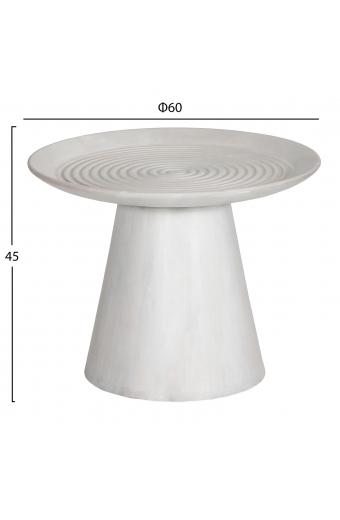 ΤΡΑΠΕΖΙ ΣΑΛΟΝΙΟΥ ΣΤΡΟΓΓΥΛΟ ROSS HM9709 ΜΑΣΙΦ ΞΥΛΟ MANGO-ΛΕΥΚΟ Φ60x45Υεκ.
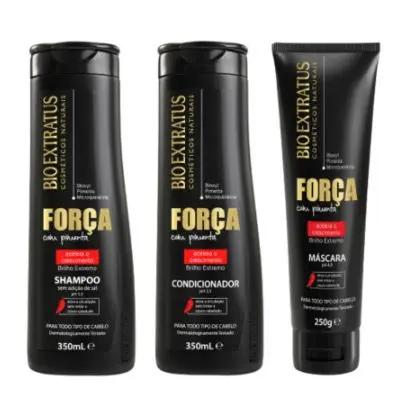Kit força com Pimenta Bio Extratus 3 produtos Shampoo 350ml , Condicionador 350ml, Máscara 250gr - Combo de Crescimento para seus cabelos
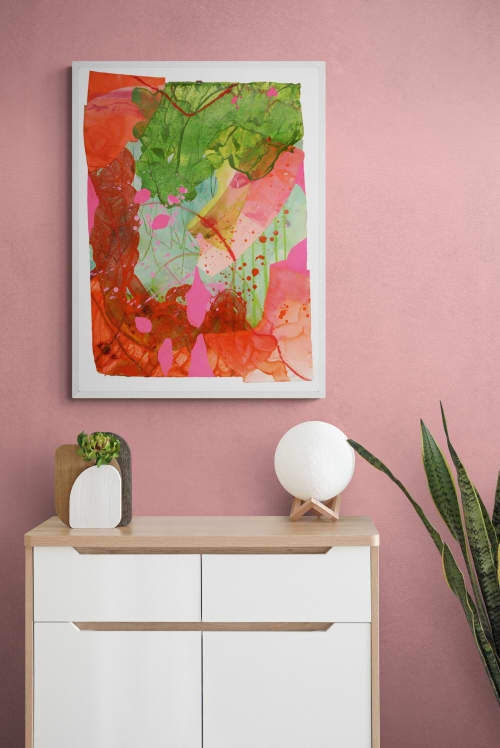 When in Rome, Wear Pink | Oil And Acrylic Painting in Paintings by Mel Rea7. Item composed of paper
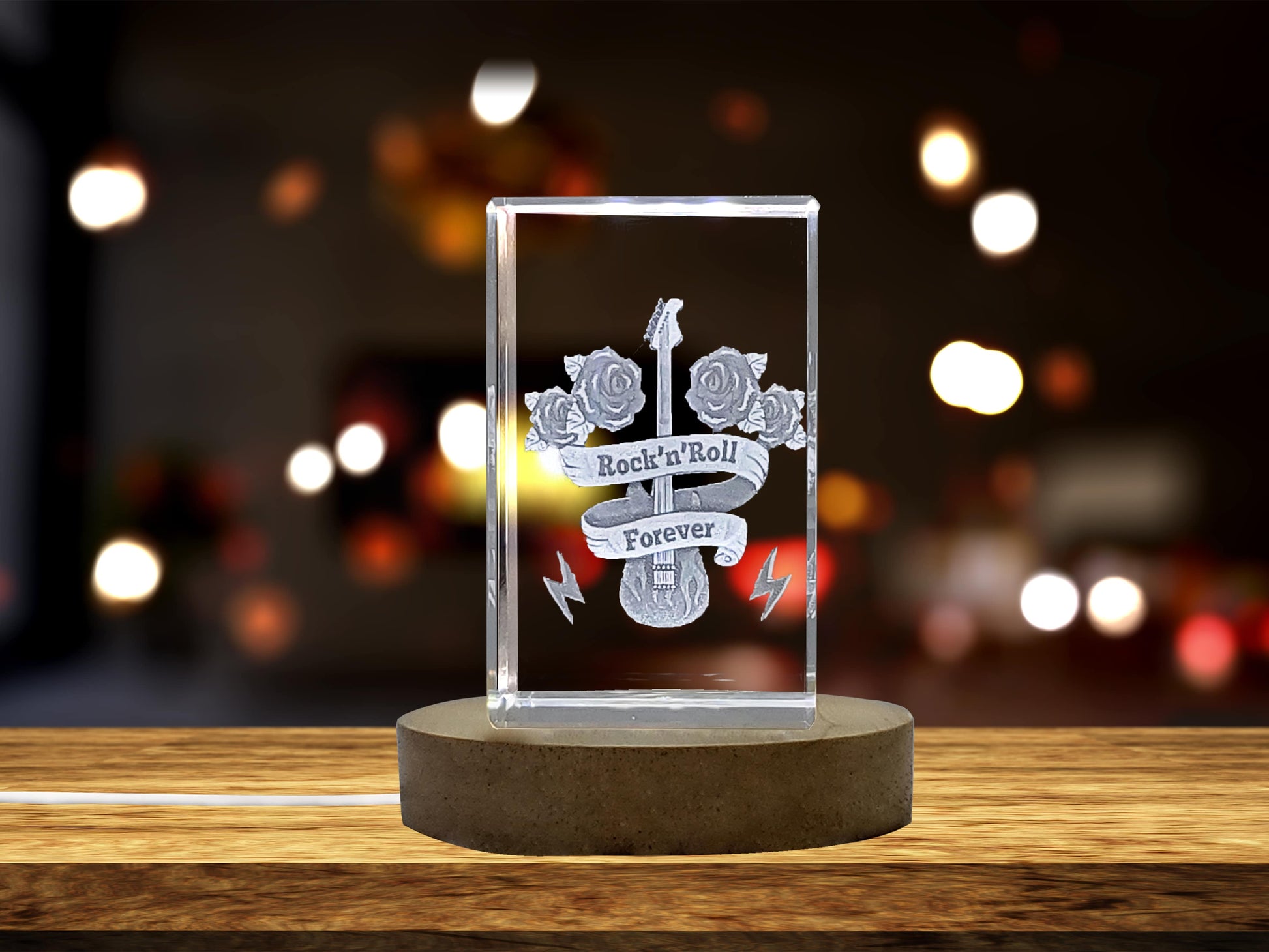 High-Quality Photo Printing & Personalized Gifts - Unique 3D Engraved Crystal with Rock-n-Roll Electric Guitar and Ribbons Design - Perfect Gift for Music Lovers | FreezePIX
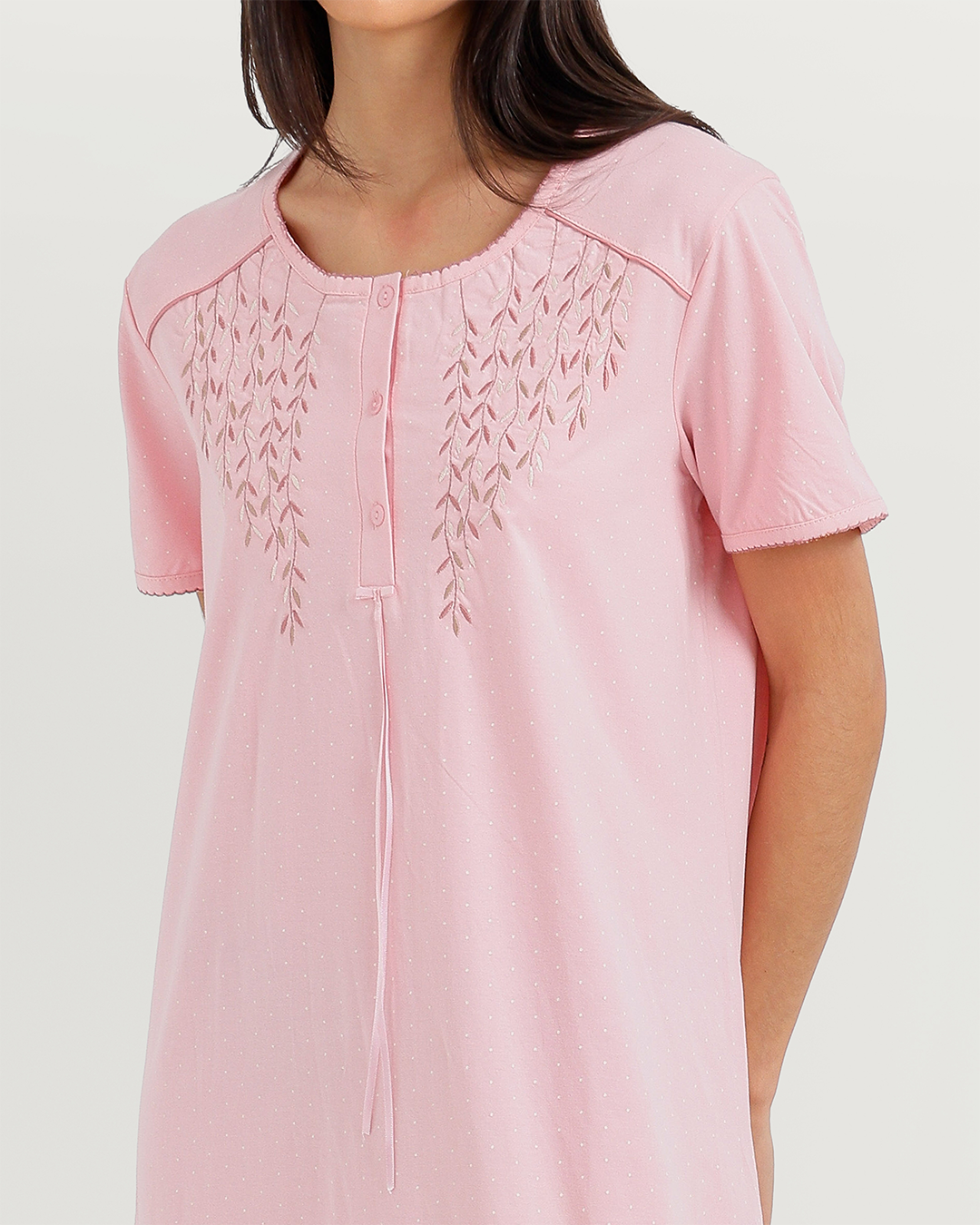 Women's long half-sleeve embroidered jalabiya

...

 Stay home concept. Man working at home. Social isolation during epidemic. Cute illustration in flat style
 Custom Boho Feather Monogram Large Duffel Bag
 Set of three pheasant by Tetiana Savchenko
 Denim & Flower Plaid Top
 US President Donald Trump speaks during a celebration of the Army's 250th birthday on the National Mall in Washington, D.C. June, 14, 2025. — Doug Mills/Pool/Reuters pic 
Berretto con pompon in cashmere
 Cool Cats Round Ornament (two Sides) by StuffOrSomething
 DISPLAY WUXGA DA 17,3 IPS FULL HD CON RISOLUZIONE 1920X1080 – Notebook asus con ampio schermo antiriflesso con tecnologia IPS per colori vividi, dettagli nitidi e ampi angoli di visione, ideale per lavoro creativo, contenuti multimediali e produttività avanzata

--

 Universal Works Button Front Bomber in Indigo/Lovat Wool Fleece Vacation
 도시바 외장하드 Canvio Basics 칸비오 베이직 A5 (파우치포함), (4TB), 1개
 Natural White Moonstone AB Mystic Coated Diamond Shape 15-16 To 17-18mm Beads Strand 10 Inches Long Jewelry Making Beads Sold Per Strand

### Work task
Every line of the listing that includes the word "during" must be copied.

### Output
 Stay home concept. Man working at home. Social isolation during epidemic. Cute illustration in flat style
 US President Donald Trump speaks during a celebration of the Army's 250th birthday on the National Mall in Washington, D.C. June, 14, 2025. — Doug Mills/Pool/Reuters pic 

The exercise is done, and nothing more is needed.